Wikinvest Wire

Renters wealthier than homeowners?

Friday, February 27, 2009

This report from CNN details the findings in a paper by David Rosnick and Dean Baker at the Center for Economic and Policy Research in which it was discovered that those who have been renting over the last five years are now wealthier than those who "own" their homes.

Whaaaaaat? (think Jon Stewart in a Home Alone pose)

That kind of flies in the face of everything you might hear from the National Association of Realtors about housing being such a great investment, but there it is:

The CEPR also found that people who were renting homes in 2004 will have more wealth in 2009 than those who were owners. That's true for all five wealth groups the study analyzed, from the poorest to the wealthiest.
IMAGE "The collapse of the housing bubble, which led to the current recession, has already destroyed almost $6 trillion dollars in housing wealth for homeowners," said report co-author Dean Baker. "This reality is compounded by the recent collapse of the stock market. Many baby boomers will only have Social Security and Medicare to rely on in their retirement."
It's important to note that Dean Baker is one of only about two economists in the world who, not only recognized the housing bubble in real time, but took the additional step of cashing out a few years ago, transforming himself into a renter, about whom he speaks so highly now.

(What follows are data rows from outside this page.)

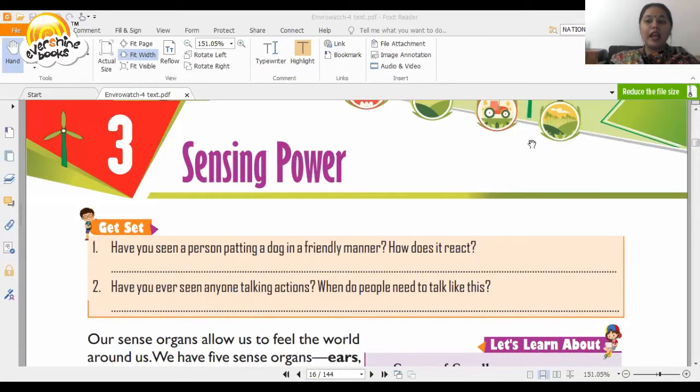Hello students, my name is Predna and today from your EBS book in Varno we are going to be reading chapter number three. This chapter has a very interesting title — 'Sensing Power'.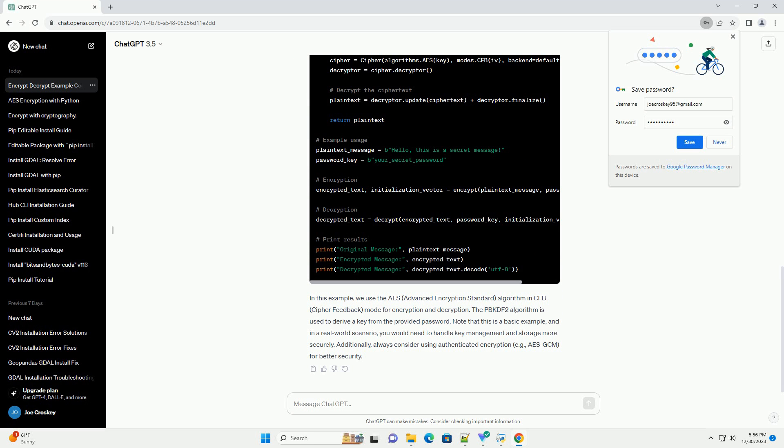we use the AES, Advanced Encryption Standard, algorithm in CFB, cipher feedback, mode for encryption and decryption. The PBKDF2 algorithm is used to derive a key from the provided password.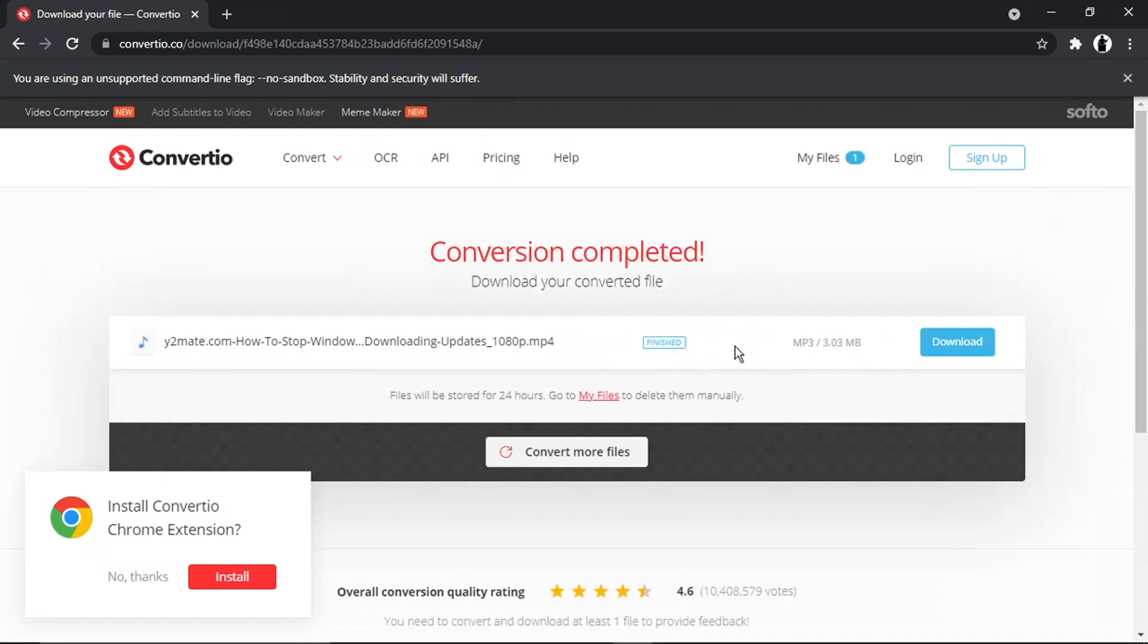Okay, so that's now finished. You can see that's a relatively small file so it didn't take too long. I think it gives you up to 100 megabytes in total that you can convert. So that's the biggest file size you can convert.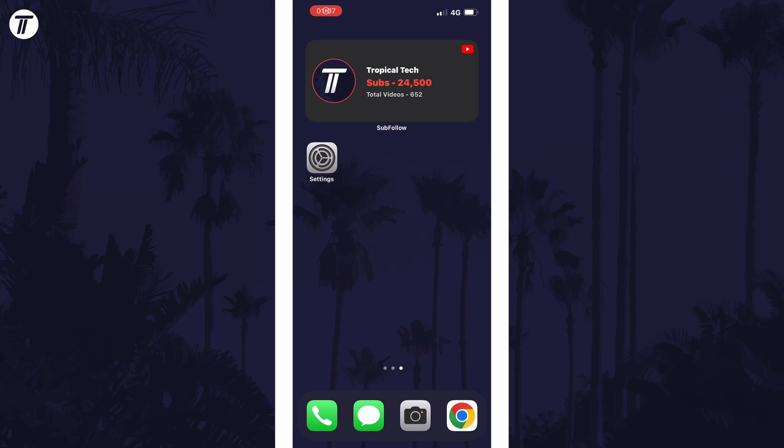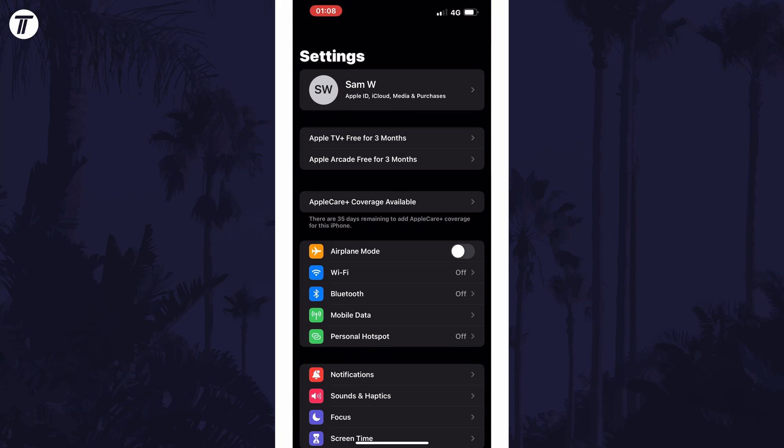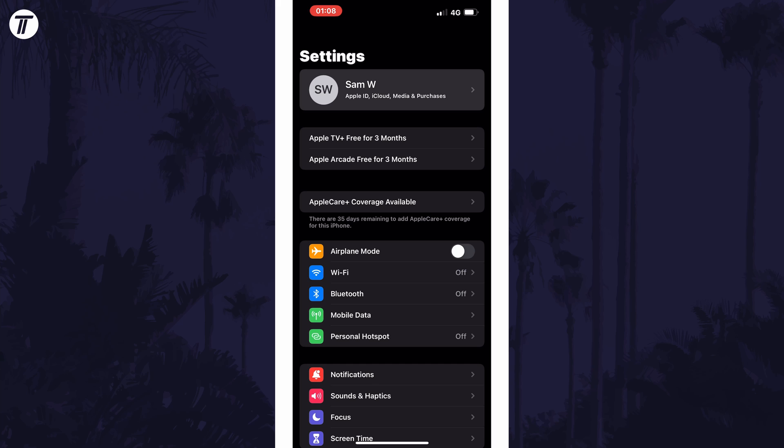To manage subscriptions in iOS, open the Settings app first and then tap on your profile, which should be the first option underneath the search bar.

As an added bonus, Peter Schiff (also a renter in recent years) makes a guest appearance:
Peter Schiff, president of Euro Pacific Capital, an investment firm specializing in overseas investments and a noted bear on housing market issues, thinks there's a good chance home prices will continue their steep decline.

"Real estate has to be priced like any other goods," he said. "Home prices have to reflect the economic reality. You buy for shelter, not to make money. You don't need to own a house. I'm a perfect example."

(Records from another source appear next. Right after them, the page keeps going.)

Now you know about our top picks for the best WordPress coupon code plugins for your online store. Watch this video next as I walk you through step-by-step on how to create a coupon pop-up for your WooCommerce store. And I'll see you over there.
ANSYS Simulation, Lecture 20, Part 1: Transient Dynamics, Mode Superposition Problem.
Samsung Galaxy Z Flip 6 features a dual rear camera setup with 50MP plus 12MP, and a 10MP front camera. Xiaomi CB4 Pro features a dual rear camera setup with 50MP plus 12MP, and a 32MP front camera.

He has rented for years and reports that the owners of his current home, after subtracting for property taxes and insurance, are receiving a cash-flow return on their investment of less than 1%.

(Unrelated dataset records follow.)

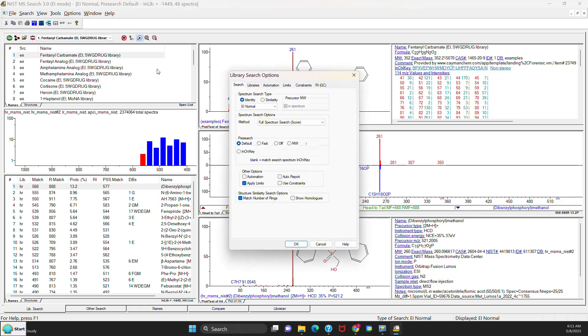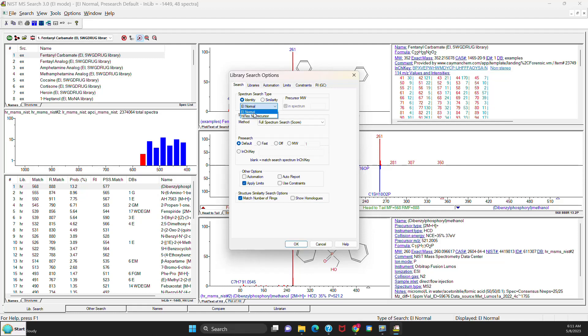Now when you go to the Library Search Options, the menu will be highly simplified. If you pull down the Identity Type searches, you'll get the EI for Normal, which is the low resolution or nominal mass. And you'll see the other one is for EI High Resolution, which they've changed the name here.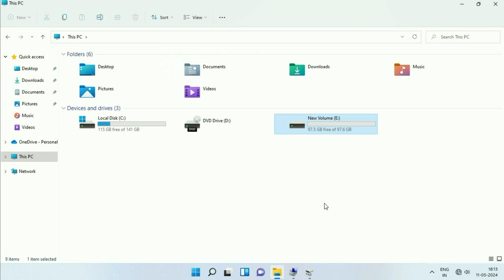So you can apply this method if your partition, if your drive is missing. This is all for the video. Thank you.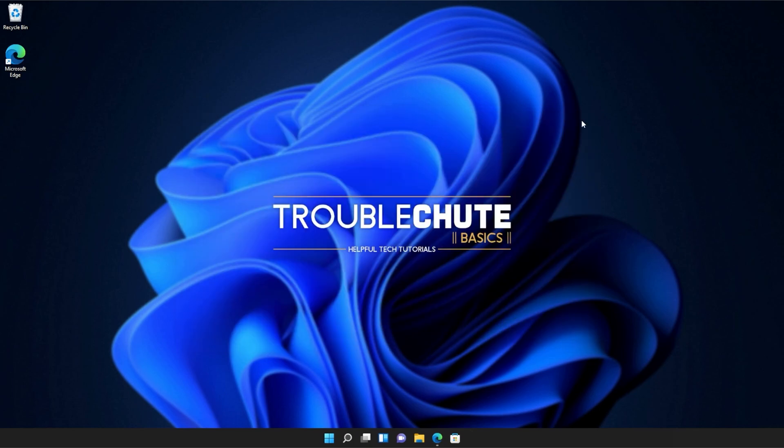Anyways, that's about it for this quick guide. Thank you all for watching. My name's been TechNobo here for Troubleshoot and I'll see you all next time. Ciao!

"Real estate is overpriced if owners get just a 1% return," he said.
It's funny to think that buying a house to make money to fund your retirement was a commonly held view amongst economists a few years ago.

That is, back when they were dismissing the zero-savings rate as being irrelevant in our new modern economy with "financial innovation" that seemingly knew no bounds.

There's no word on whether co-author David Rosnick also rents.


Anonymous said...

In the long run, we are all renters.

Anonymous said...

Speak for yourself. Find a low-tax area to live and you can do just fine.

Greg Hall said...

It's hard to find low tax areas where the schools are any good. Still, the only problem with this analysis is that it assumes renters save the difference (aka the cost of ownership), which is neither universal not constant.

Anthony Alfidi said...

Maybe the secret is that renters hold no mortage that can put them underwater when the portfolio asset they borrowed against (their house) declines. Their wealth in net terms is thus preserved while homeowners suffer.

Anonymous said...

Historically homes have never been great investments. If you're lucky enough to be born at the right an economy that is thriving, allowing you to make money, invest etc....AND get a return on your investment, RE becomes something boast about.

But in reality....most people are not fortunate and only average a 1-3% return on their homes in the long run.

That's why people who made big on RE need to STFU already admit that they got very lucky.

Anonymous said...

"Still, the only problem with this analysis is that it assumes renters save the difference (aka the cost of ownership), which is neither universal not constant."

true, but that's because some renters don't even EARN the difference. You can't save what you don't make in the first place.

Anonymous said...

Governments are short of funds > property tax go up while property values continue to fall. This will continue for quite a while. There will be no legislative solution. The problem will be solved when the system completely breaks down. Nobody wants to accept reality - cut all unnecessary spending. Follow the California for an advanced version of what confronts us at the national and international level. Why stand in front of the train? Get out now.